Your instructions
Starting at the line that contains "Model draagt gouden", retype each line to the end of the listing below. Include both ends, but not the pictures.

Collected material
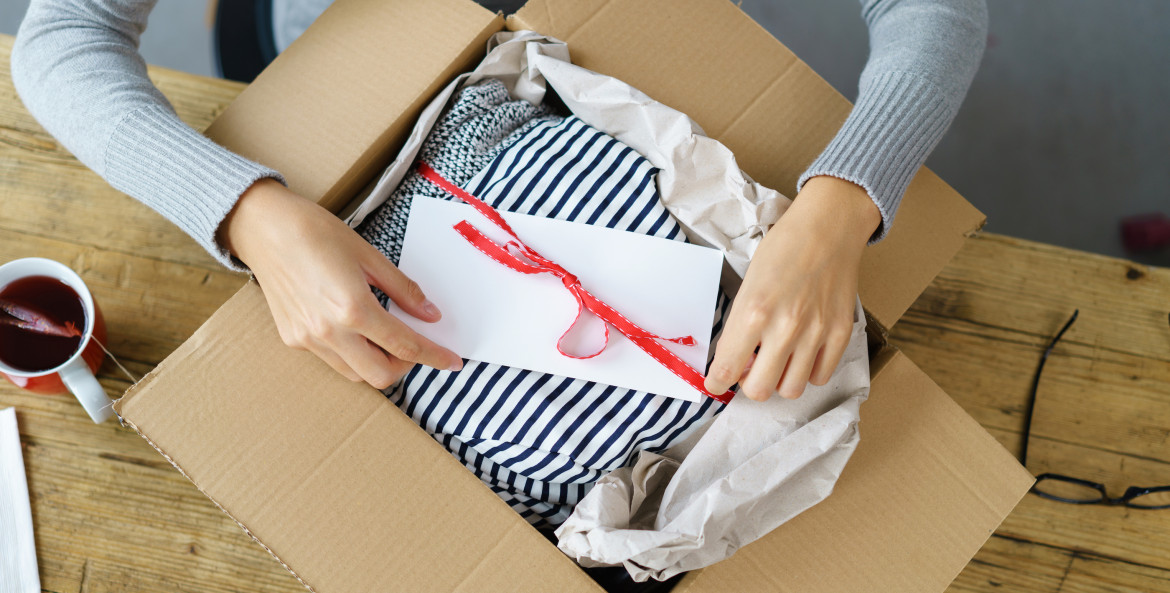 a woman packs a parcel to ship in the mail.
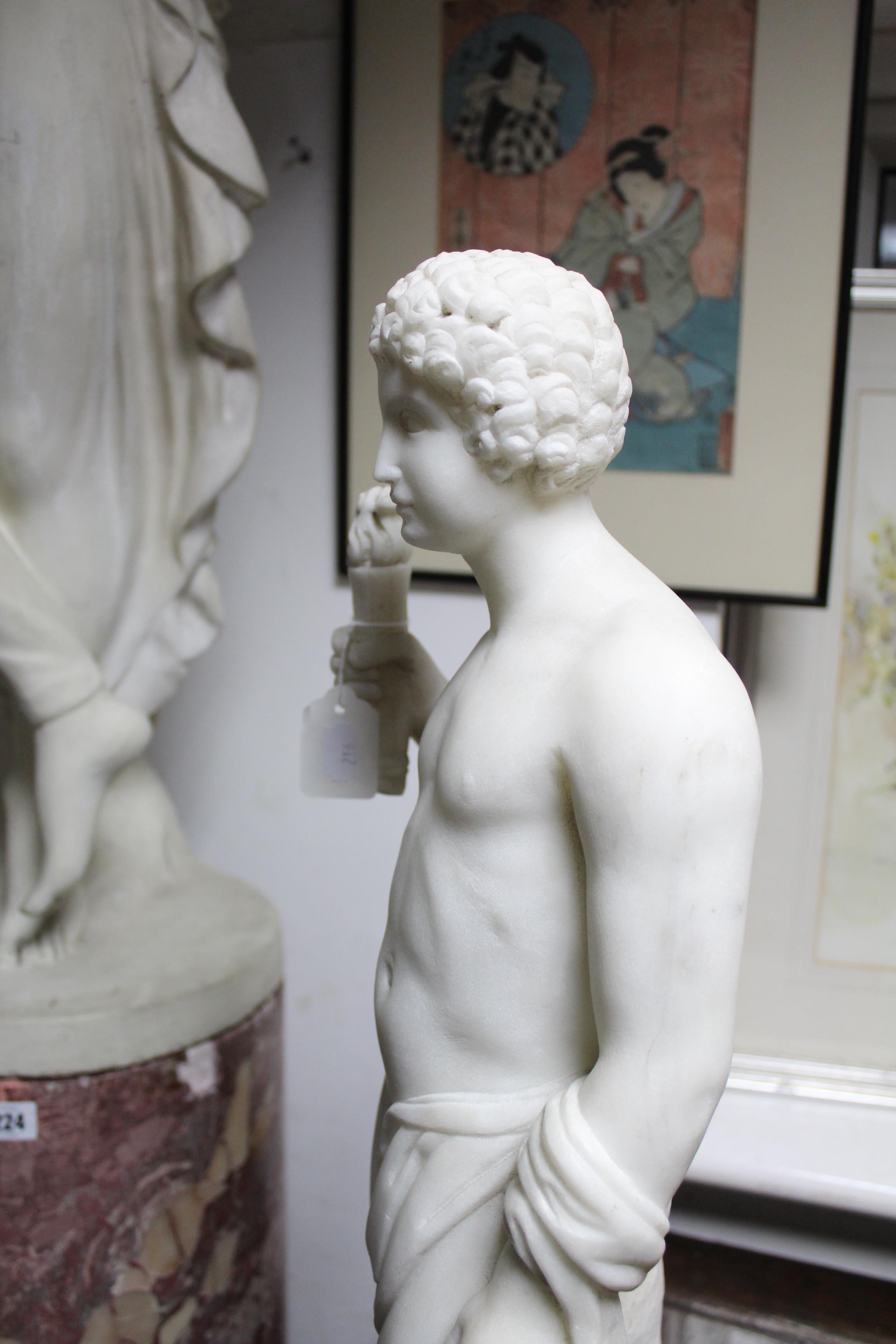 A sculptured white marble standing semi-nude figure of a young man holding a flaming torch in his - Image 4 of 6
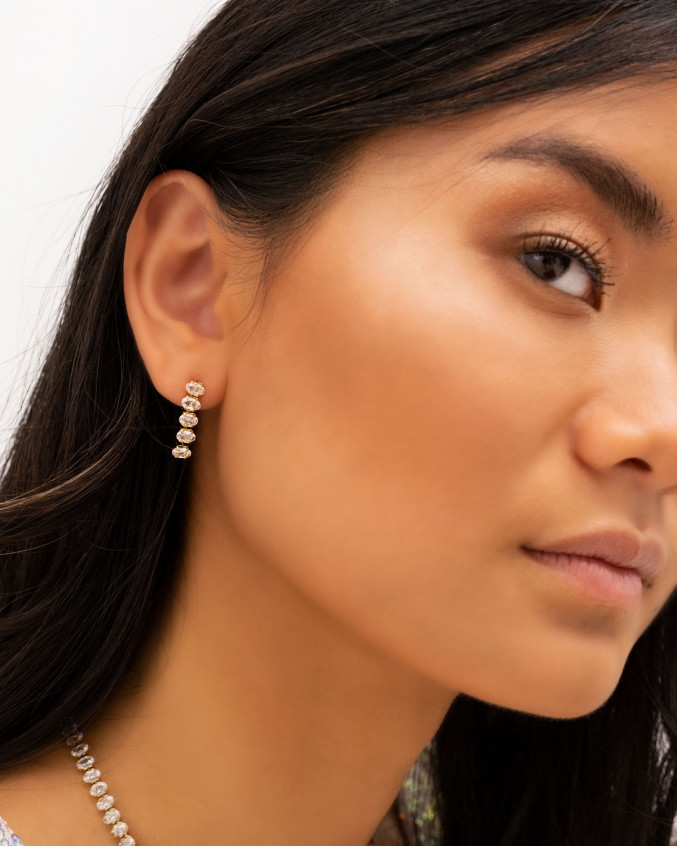 Model draagt gouden tennis oorbellen met ovale steentjes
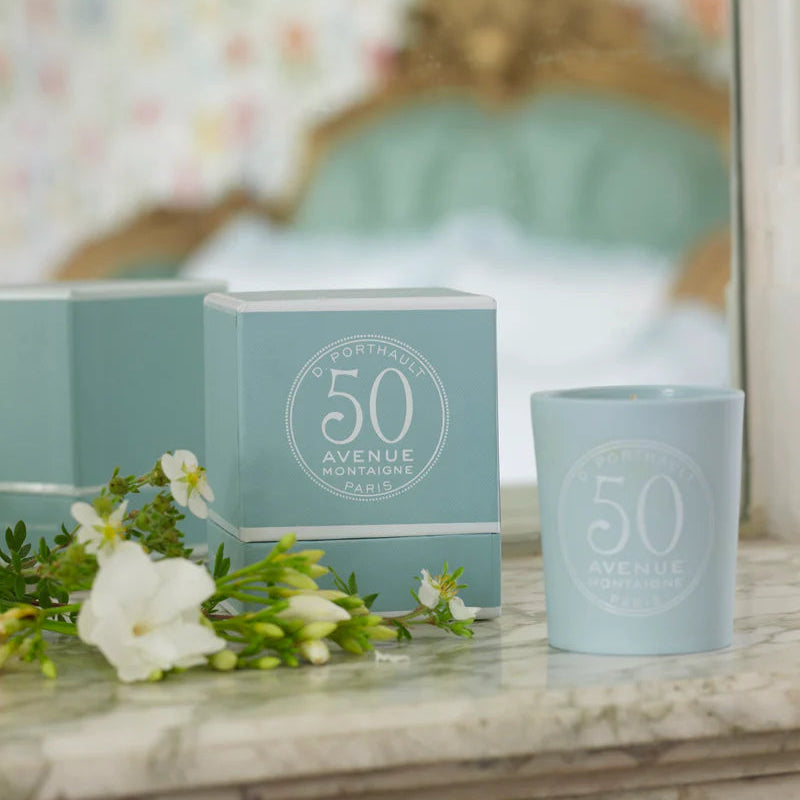 Light blue candle and packaging with '50 Avenue' branding on a marble surface.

Result below
 Model draagt gouden tennis oorbellen met ovale steentjes
 Light blue candle and packaging with '50 Avenue' branding on a marble surface.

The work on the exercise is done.